* **SUPPLIED ENTRIES**:
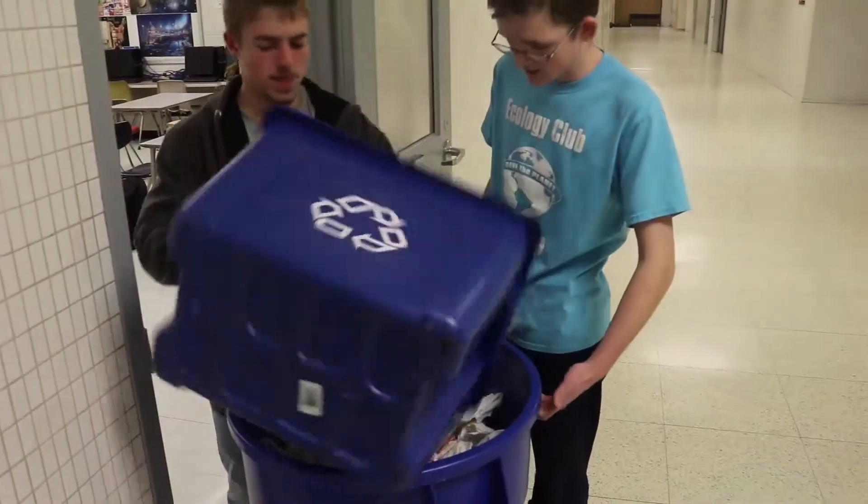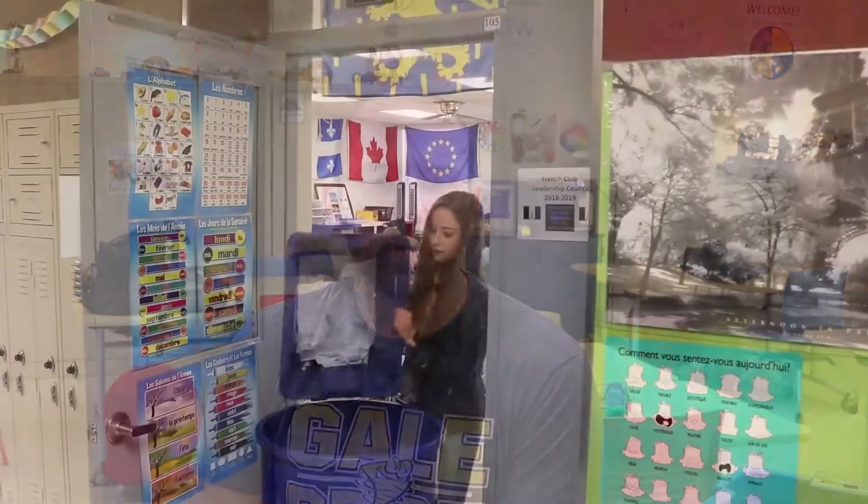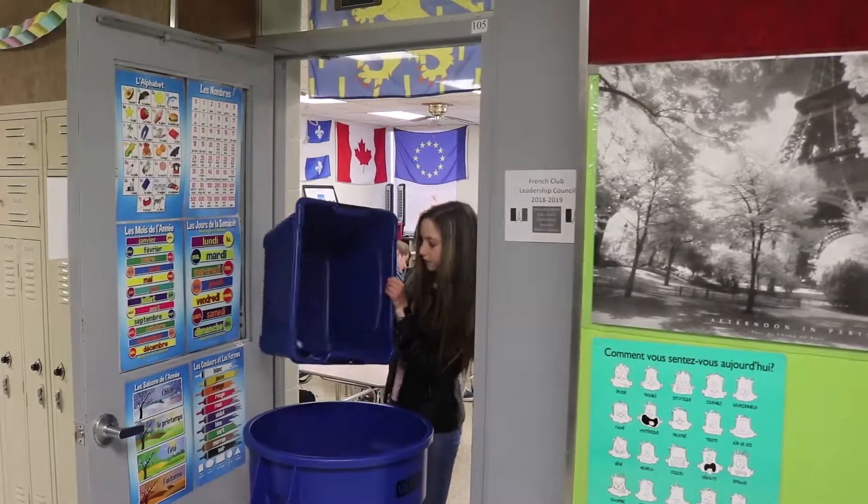We collect every two weeks, and sometimes we make that a little more frequent as it gets close to the end of the quarter, since some teachers are recycling more papers and cleaning out their desks. At the end of the year we have several pickups in a row. We generally aim for the first and third week of every month.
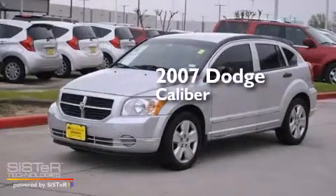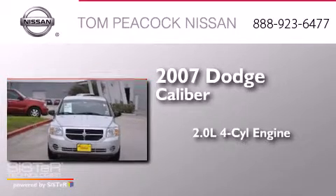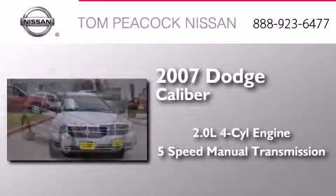This is a 2007 Dodge Caliber. It features a 2.0-liter four-cylinder engine and a five-speed manual transmission.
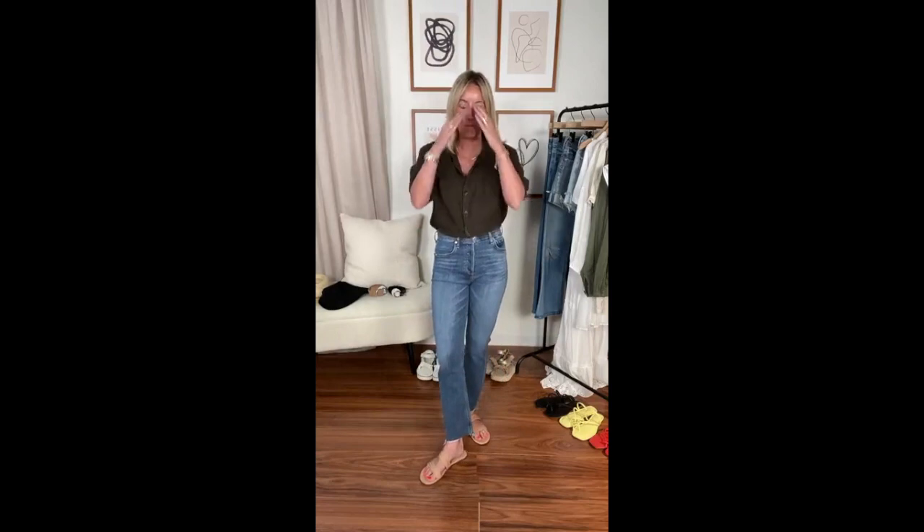Hi everyone, good morning, good afternoon, good evening — whatever time this is reaching you. It is 10 a.m. and a chilly day in Minnesota. Memorial weekend, can you believe it? I still think it's like May 1st, but the reality is summer is upon us.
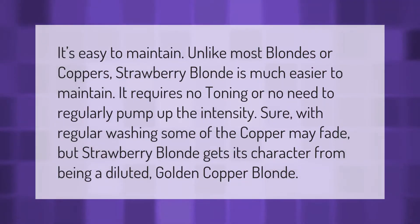It's easy to maintain. Unlike most blondes or coppers, strawberry blonde is much easier to maintain. It requires no toning and no need to regularly pump up the intensity. Sure, with regular washing some of the copper may fade, but strawberry blonde gets its character from being a diluted golden copper blonde.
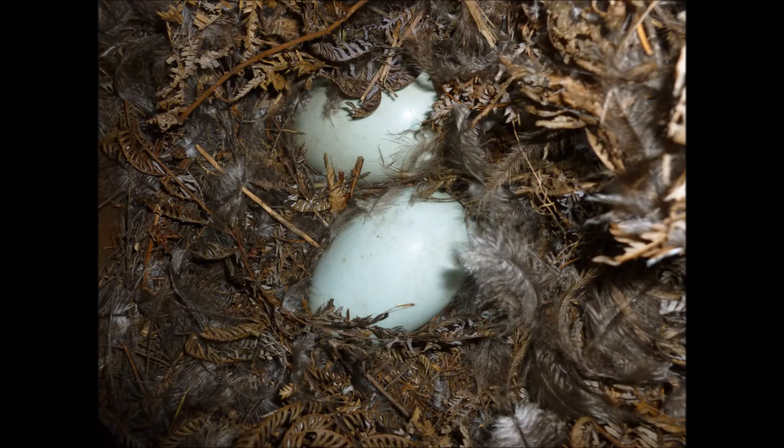There are now two kiwi eggs in the nest box, cushioned by a bed of ferns and feathers.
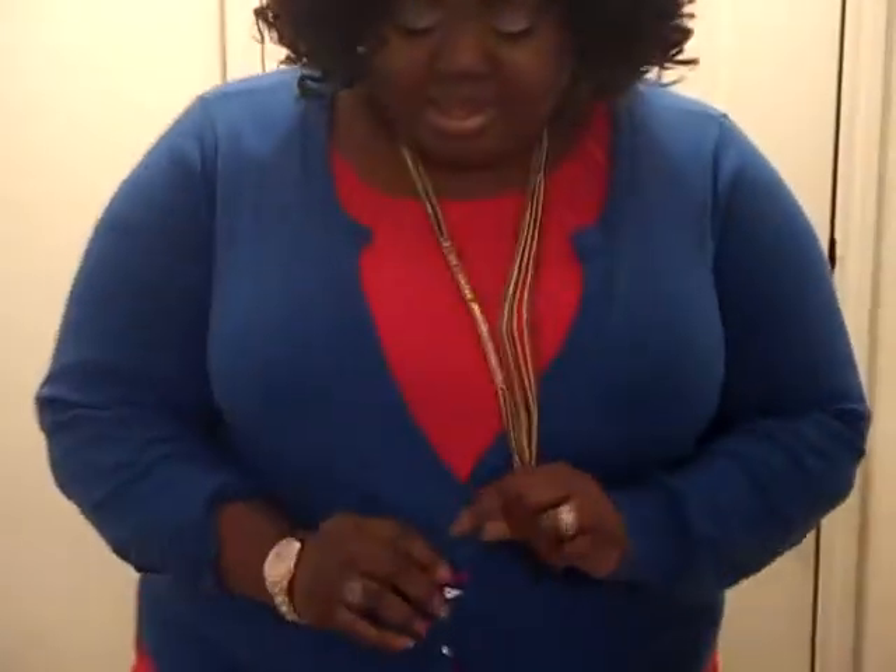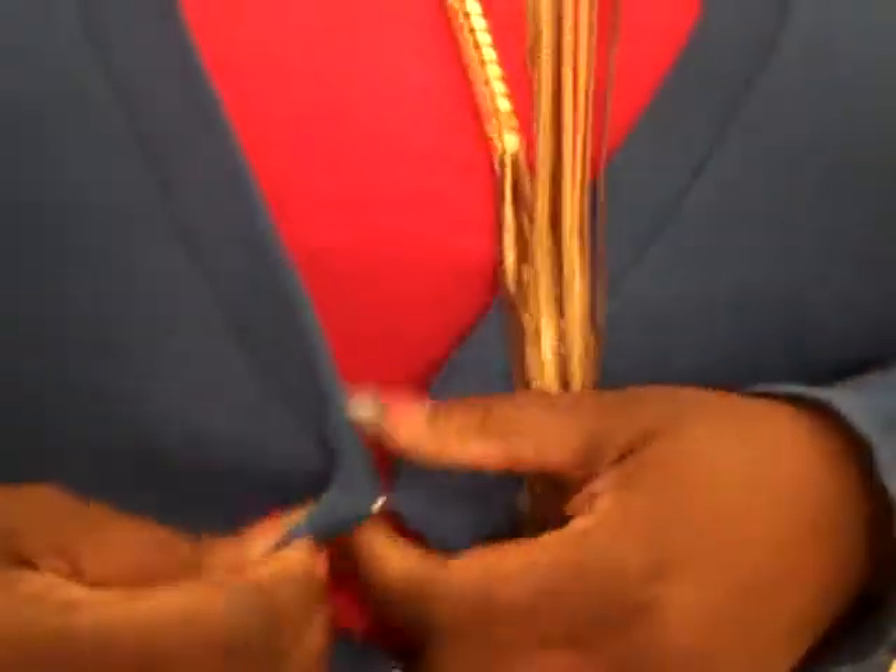I have a royal blue cardigan on with the blinged out buttons — can't get enough of that — from Lane Bryant. I am wearing a red shirt which is also from Lane Bryant. And some jeggings. I don't remember the name of them but I'll put an annotation for what these are and a link to where you can get them.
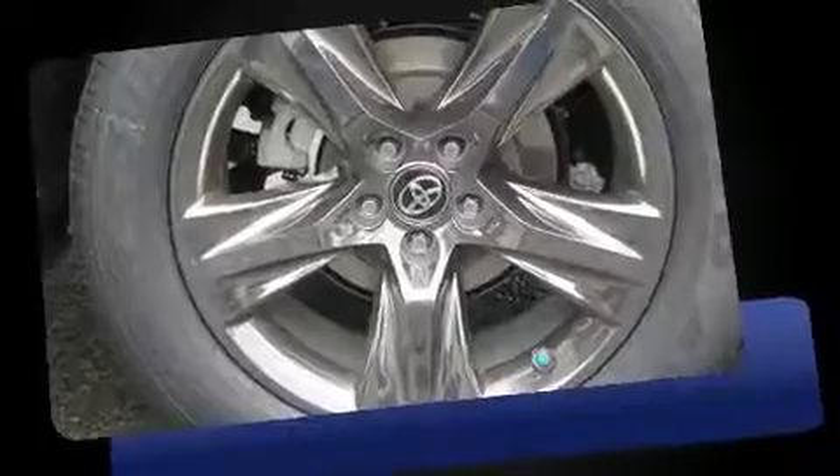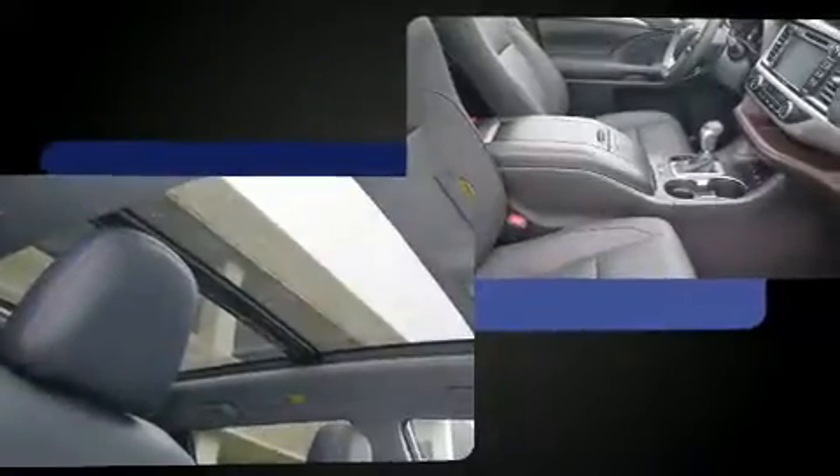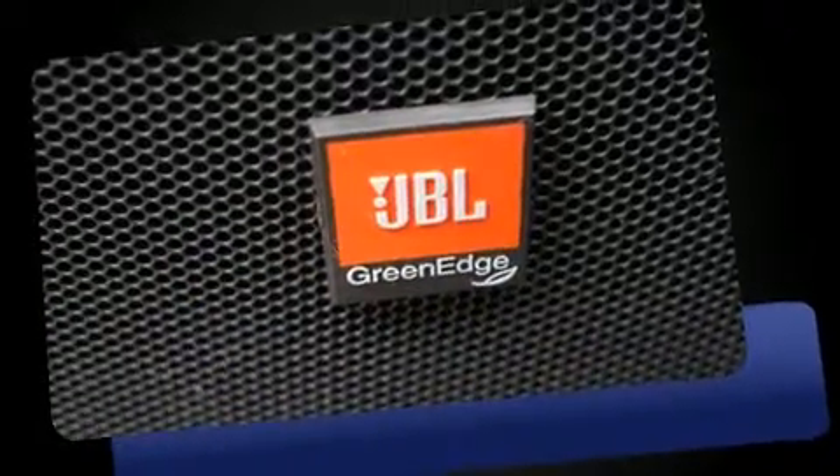Toyota prioritized practicality, efficiency, and style by including leather upholstery, a built-in garage door transmitter, a power seat, heated and ventilated seats, a power lift gate, lane departure warning, and a blind spot monitoring system.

* **WHAT YOU ARE ASKED TO DO**:
Without carrying over any pictures, retype the records above exactly.

* **ANSWER SECTION**:
We collect every two weeks, and sometimes we make that a little more frequent as it gets close to the end of the quarter, since some teachers are recycling more papers and cleaning out their desks. At the end of the year we have several pickups in a row. We generally aim for the first and third week of every month.
This is a 2007 Dodge Caliber. It features a 2.0-liter four-cylinder engine and a five-speed manual transmission.
Hi everyone, good morning, good afternoon, good evening — whatever time this is reaching you. It is 10 a.m. and a chilly day in Minnesota. Memorial weekend, can you believe it? I still think it's like May 1st, but the reality is summer is upon us.
It's easy to maintain. Unlike most blondes or coppers, strawberry blonde is much easier to maintain. It requires no toning and no need to regularly pump up the intensity. Sure, with regular washing some of the copper may fade, but strawberry blonde gets its character from being a diluted golden copper blonde.
There are now two kiwi eggs in the nest box, cushioned by a bed of ferns and feathers.
I have a royal blue cardigan on with the blinged out buttons — can't get enough of that — from Lane Bryant. I am wearing a red shirt which is also from Lane Bryant. And some jeggings. I don't remember the name of them but I'll put an annotation for what these are and a link to where you can get them.
Toyota prioritized practicality, efficiency, and style by including leather upholstery, a built-in garage door transmitter, a power seat, heated and ventilated seats, a power lift gate, lane departure warning, and a blind spot monitoring system.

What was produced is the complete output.